*WHAT YOU WILL DO*. Copy out each line of the entries below in which the string "Black" appears.

--- DATA FOR THIS EXERCISE ---

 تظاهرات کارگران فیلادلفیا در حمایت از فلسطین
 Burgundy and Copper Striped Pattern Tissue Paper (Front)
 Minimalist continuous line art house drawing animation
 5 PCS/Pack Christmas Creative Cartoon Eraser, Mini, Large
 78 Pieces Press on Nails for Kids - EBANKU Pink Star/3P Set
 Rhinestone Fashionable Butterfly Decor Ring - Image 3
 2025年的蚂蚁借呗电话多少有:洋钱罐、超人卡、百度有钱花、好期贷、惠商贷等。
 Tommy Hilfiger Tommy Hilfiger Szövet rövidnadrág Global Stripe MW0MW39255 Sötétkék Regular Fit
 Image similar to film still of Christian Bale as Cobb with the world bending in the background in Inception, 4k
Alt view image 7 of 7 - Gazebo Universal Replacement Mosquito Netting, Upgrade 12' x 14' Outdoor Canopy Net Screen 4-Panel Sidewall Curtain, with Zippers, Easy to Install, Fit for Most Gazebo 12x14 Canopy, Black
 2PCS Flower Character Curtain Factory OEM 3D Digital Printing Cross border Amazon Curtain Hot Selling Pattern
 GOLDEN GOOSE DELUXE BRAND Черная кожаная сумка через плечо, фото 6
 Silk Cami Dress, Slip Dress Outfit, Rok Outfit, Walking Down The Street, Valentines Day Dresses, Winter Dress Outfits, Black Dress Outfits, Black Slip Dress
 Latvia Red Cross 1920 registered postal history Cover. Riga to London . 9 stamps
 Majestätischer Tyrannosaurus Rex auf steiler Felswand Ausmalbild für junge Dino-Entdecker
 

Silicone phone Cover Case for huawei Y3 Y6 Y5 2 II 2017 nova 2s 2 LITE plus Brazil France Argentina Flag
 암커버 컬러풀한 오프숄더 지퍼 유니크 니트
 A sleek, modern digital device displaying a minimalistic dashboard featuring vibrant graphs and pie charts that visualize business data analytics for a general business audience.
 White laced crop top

---

*TASK OUTPUT*.
Alt view image 7 of 7 - Gazebo Universal Replacement Mosquito Netting, Upgrade 12' x 14' Outdoor Canopy Net Screen 4-Panel Sidewall Curtain, with Zippers, Easy to Install, Fit for Most Gazebo 12x14 Canopy, Black
 Silk Cami Dress, Slip Dress Outfit, Rok Outfit, Walking Down The Street, Valentines Day Dresses, Winter Dress Outfits, Black Dress Outfits, Black Slip Dress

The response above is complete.